How Retail is Performing Amidst Constant Change

Jul 2019

Lincoln Managing Directors discuss brick & mortar retail approaches with the integration of technology. Click the banner above to watch the video.

 


 

Rob Brown: So, Dom is our resident expert in retail and restaurants with a long history in bricks and mortar approaches- Do you want to walk off the stage, or do you want to do you have something to contribute here?

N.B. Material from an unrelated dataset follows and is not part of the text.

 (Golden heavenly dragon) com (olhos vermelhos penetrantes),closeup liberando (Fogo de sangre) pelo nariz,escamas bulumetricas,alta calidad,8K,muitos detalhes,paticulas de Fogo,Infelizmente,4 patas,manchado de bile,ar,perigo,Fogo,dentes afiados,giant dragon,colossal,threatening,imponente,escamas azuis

Dominic Rispoli: Well here’s the thing Rob, retail is the underdog right now, and I’m going to be the person up here who is going to support the underdog because I believe it has a staying power. So let’s put it in context for a second. If you think about retail, 80% of purchases are still made at a brick and mortar environment today. And if you think about the e-commerce arms of those omnichannel retailers it’s close to 90%. So it’s still a very meaningful business. Now some of you who were here last year might remember we did a survey and asked you a question, do you believe retail is dying, and 70% of you came back and said retail is not dying, I concurred with that and we talked about it a lot last year. This year what we did is say ok one year later is retail worse off than it was, better off/ innovating, or in the same spot. And interestingly 13% of you said that retail was worse off, over 30% of you said that retail has either innovated, or evolved or it better off. I would agree with that by the way. Lets just talk about a couple of the buckets of innovation that we’ve seen in retail and I’ll give you some examples of it, but it’s really more meant to be illustrative because that’s what’s driving a lot of M&A value in the companies that we are bringing to market. One is integration of technology. So a great example in the restaurant space, a very high profile and prolific, McDonalds, a company who hasn’t done an M&A deal is 20 years, then the first one they do they go out and buy a technology company that drives customer engagement, drives lifetime value effectively because they really get to understand that customers purchasing and eating patterns over time. That’s a very powerful theme we’re seeing across retail. Second, I would mention is space allocation. A lot of retailers with a lot of excess space- Great example, Kohls has allocated space to Planet Fitness to better utilize that space and also benefit from the foot traffic drivers, and we’re seeing fitness as a category that in it’s own right, of course, is driving exceptional multiples, but also in the context of utilizing space better for others that have that availability. The third powerful theme in retail we’re seeing is really around experiential retail and we have two great companies today Stern Pinball and Uptown Jungle that will be presenting and talking to you about that. Those are very powerful segments that we’re seeing terrific interest from investors in.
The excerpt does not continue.